Sent from Yahoo Mail on Android

Re: HBase cluster design

2014-05-16 Thread Flavio Pompermaier

Thanks for the response. Actually I'm still trying to understand why some
of the regions of my Hbase goes down from time to time during my mapred job
if table updates occur because in the logs there's nothing interesting..The
updates usually happens in bursts of 10/100 sequential puts per seconds. Is
there any rule of thumb about those scenarios to avoid problems or some
fundamental tuning to check?

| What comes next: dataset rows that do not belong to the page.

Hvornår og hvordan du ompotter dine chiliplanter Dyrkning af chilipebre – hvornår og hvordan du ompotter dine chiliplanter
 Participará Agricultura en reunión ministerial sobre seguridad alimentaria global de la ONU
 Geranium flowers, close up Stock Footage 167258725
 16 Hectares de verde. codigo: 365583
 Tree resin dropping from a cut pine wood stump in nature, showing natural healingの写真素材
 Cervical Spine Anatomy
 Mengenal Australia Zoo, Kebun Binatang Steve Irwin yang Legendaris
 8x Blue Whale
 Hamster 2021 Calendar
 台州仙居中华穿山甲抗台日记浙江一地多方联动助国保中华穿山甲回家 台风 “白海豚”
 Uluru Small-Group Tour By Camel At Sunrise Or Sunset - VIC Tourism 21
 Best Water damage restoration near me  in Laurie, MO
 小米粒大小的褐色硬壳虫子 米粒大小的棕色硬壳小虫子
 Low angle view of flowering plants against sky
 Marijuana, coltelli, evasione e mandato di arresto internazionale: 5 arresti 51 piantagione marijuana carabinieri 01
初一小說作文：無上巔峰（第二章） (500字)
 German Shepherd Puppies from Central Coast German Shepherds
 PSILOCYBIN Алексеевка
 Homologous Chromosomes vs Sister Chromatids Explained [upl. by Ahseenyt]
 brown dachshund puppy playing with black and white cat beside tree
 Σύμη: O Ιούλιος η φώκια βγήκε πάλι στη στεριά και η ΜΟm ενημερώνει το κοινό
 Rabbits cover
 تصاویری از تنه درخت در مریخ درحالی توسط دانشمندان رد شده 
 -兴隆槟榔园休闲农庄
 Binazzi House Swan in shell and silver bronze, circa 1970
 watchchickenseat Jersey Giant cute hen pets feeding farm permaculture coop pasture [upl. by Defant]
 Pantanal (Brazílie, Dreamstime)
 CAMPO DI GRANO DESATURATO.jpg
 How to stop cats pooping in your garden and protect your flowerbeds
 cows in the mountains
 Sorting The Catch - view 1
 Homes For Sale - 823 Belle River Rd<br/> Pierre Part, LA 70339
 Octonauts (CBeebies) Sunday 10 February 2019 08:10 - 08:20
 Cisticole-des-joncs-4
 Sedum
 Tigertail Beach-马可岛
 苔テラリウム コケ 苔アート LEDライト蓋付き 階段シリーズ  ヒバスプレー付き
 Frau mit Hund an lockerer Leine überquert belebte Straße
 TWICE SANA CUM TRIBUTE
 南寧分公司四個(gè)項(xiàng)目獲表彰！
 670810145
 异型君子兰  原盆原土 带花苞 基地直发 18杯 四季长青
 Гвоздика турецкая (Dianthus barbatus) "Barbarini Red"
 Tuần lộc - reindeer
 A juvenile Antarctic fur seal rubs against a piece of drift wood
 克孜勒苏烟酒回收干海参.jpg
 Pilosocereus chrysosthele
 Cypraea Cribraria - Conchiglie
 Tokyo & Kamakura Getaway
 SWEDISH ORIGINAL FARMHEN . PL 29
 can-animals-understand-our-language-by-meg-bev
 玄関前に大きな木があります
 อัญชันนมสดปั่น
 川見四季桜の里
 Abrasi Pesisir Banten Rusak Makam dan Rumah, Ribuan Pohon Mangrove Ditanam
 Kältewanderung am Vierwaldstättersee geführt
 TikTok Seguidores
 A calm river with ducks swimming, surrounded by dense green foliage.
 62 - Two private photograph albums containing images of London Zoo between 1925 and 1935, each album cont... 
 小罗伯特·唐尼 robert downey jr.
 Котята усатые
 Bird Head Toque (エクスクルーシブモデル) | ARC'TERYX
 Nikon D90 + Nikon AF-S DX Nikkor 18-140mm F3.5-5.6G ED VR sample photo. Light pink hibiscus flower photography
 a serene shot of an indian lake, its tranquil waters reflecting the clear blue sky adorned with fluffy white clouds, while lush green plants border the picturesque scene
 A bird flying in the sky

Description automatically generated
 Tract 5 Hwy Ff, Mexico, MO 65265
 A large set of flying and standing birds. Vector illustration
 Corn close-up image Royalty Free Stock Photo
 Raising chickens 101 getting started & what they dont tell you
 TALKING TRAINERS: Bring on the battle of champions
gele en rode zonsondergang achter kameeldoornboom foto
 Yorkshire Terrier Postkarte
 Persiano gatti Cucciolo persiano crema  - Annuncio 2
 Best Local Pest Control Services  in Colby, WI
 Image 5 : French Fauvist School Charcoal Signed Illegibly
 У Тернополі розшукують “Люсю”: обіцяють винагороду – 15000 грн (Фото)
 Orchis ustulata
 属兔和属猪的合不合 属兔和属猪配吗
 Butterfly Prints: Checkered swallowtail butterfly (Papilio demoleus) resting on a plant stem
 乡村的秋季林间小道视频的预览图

I have a lot of ram (48g) and 24 processor per
server (for a total  of 4 servers) and I have not that much data (20g) so I
don't understand why the region servers goes down (usually after a couple
of mapred job).
However in general, speaking also with other people using Hbase, it seems
that is not very safe to run mapred jobs while updating the table..are we
wrong?

Best,
Flavio

On Wed, May 14, 2014 at 7:04 PM, Stack  wrote:

> On Tue, May 13, 2014 at 3:14 AM, Flavio Pompermaier  >wrote:
>
> > So just to summarize the result of this discussion..
> > do you confirm me that the last version of HBase should (in theory)
> support
> > mapreduce jobs on tables that in the meantime could be updated by
> external
> > processes (i.e. not by the mapred job)?
> > One of the answer about this was saying: "Poorly tuned HBase clusters can
> > fail easily under heavy load"..
> > Could you suggest me some tuning to avoid the crashing of HBase in such
> > situations?
> >
>
>
> Run less mappers/reducers.  Start with one only and move up from there.
>  Ditto for other processes updating hbase.
>
> You have monitoring going on on this cluster?  What is it telling you about
> the loadings?
>
> St.Ack

Re: HBase cluster design

2014-05-14 Thread Stack

On Tue, May 13, 2014 at 3:14 AM, Flavio Pompermaier wrote:

> So just to summarize the result of this discussion..
> do you confirm me that the last version of HBase should (in theory) support
> mapreduce jobs on tables that in the meantime could be updated by external
> processes (i.e. not by the mapred job)?
> One of the answer about this was saying: "Poorly tuned HBase clusters can
> fail easily under heavy load"..
> Could you suggest me some tuning to avoid the crashing of HBase in such
> situations?
>

Run less mappers/reducers.  Start with one only and move up from there.
 Ditto for other processes updating hbase.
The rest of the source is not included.